WORK TASK: Find the string "Casa" in the data, and copy out each line that has it.

THE RECORDS:
++++++++++++++++++++
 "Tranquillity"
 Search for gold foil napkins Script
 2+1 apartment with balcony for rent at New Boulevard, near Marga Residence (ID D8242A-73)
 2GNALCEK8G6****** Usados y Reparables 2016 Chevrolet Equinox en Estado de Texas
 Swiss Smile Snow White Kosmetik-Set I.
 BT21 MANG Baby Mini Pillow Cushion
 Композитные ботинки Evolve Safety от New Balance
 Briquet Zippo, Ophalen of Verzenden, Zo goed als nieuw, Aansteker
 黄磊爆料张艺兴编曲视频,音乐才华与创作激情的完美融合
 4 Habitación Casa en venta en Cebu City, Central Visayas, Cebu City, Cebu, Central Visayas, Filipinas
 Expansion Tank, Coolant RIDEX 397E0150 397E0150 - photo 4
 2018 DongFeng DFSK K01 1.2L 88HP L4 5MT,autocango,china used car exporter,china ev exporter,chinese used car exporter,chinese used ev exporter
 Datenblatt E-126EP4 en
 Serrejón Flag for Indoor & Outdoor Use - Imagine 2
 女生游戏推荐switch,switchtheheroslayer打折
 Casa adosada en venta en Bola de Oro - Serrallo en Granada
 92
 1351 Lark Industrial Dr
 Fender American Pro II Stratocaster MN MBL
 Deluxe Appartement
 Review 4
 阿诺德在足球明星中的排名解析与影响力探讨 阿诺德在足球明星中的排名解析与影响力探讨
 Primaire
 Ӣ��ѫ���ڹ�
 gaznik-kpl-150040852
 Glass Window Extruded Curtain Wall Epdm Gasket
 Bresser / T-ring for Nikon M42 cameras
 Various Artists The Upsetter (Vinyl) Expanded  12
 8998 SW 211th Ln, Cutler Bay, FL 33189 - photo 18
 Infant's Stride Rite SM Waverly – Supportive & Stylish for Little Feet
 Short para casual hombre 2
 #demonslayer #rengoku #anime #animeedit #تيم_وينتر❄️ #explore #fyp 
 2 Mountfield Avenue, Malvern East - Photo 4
++++++++++++++++++++
ANSWER TO THE EXERCISE:
 4 Habitación Casa en venta en Cebu City, Central Visayas, Cebu City, Cebu, Central Visayas, Filipinas
 Casa adosada en venta en Bola de Oro - Serrallo en Granada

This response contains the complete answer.